Question

which figure below is the graph of $6x - 2y \geq 24$? a graph, b graph, c graph, d graph

Explanation:

Step1: Rewrite the inequality

Start with \(6x - 2y \geq 24\). Solve for \(y\) to get the slope - intercept form (\(y = mx + b\)).
Subtract \(6x\) from both sides: \(-2y\geq - 6x + 24\).
Divide both sides by \(-2\). Remember that when dividing an inequality by a negative number, the direction of the inequality sign changes. So we have \(y\leq3x - 12\).

Step2: Analyze the boundary line

The boundary line is \(y = 3x-12\). The slope \(m = 3\) (positive, so the line should be increasing) and the \(y\) - intercept \(b=- 12\). To find the \(x\) - intercept, set \(y = 0\):
\(0=3x - 12\), then \(3x=12\), so \(x = 4\). So the line passes through \((4,0)\) and \((0,-12)\).

Step3: Analyze the inequality symbol and shading

Since the inequality is \(y\leq3x - 12\), the shading should be below the line (because \(y\) values are less than or equal to the line's \(y\) values). Also, the boundary line should be solid (because of the \(\geq\) in the original inequality, which we transformed, and the \(\leq\) in the slope - intercept form still indicates a solid line for the boundary).

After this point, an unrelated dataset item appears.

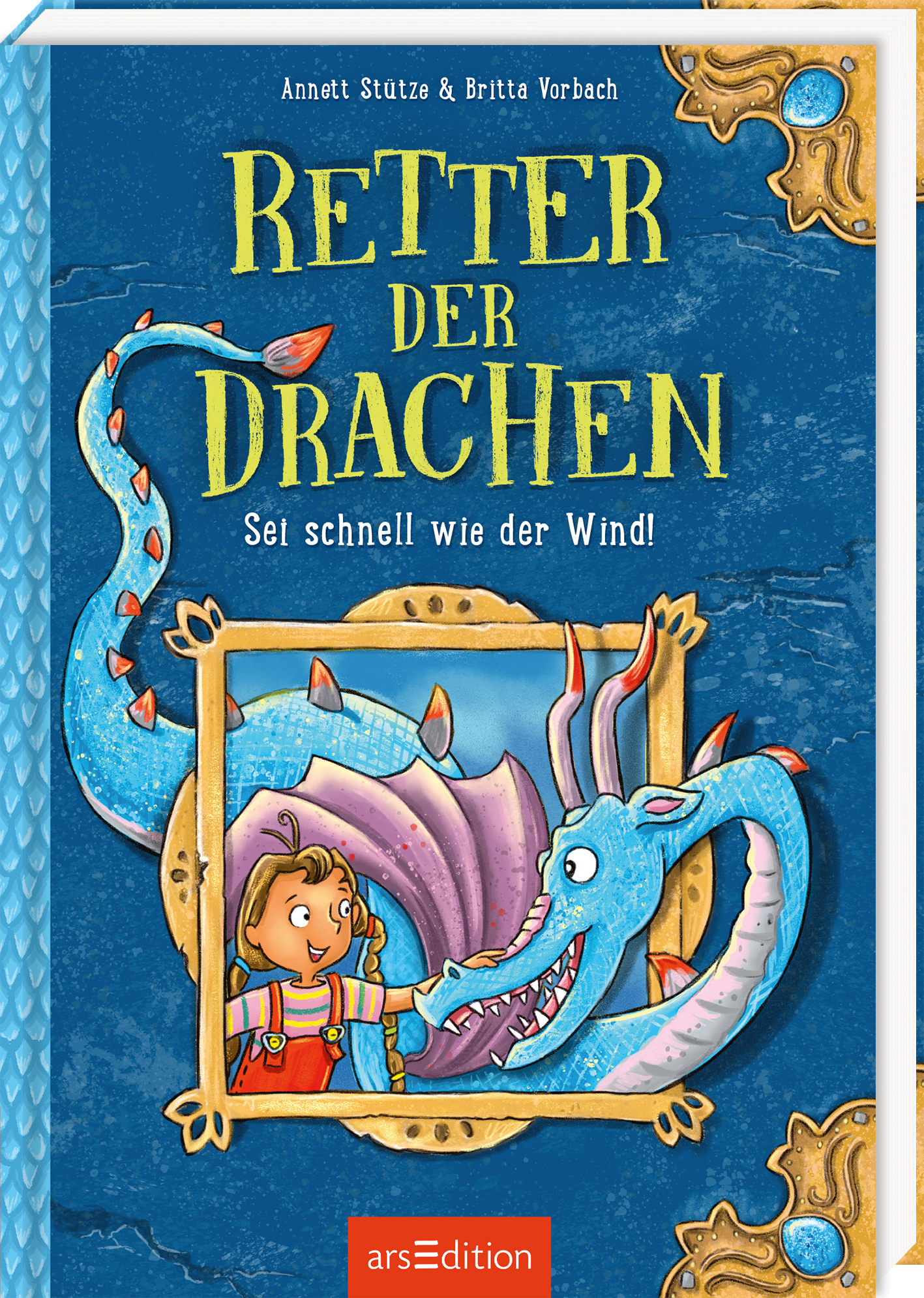 Das Buchcover zeigt einen leuchtend blauen Hintergrund mit einem verspielten, bunten Rahmen, in dem ein kleiner Junge und ein Drachen abgebildet sind. Der Junge hat kurze braune Haare und ein fröhliches Lächeln. Der Drachen hat auffällige, türkisfarbene Schuppen mit rosa Akzenten und einen bewundernden Gesichtsausdruck. Oben steht in großen, gelben Buchstaben „RETTER DER DRACHEN“, darunter steht der Untertitel „Sei schnell wie der Wind!“ in einer verschnörkelten Schrift. Ganz...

Now let's analyze the options:

• Option A: The line has a positive slope, and the shading is on the side that would correspond to \(y\leq3x - 12\) (below the line with positive slope). The line passes through points that are consistent with \(y = 3x-12\) (e.g., when \(x = 4\), \(y = 0\); when \(x = 0\), \(y=-12\) which is in the general area of the graph).
• Option B: The line has a negative slope, which does not match the slope of \(3\) for \(y = 3x - 12\), so B is incorrect.
• Option C: The line has a negative slope, which does not match the slope of \(3\) for \(y = 3x - 12\), so C is incorrect.
• Option D: The line has a negative slope (or a slope that is not \(3\)) and the shading direction is wrong, so D is incorrect.

Answer:

A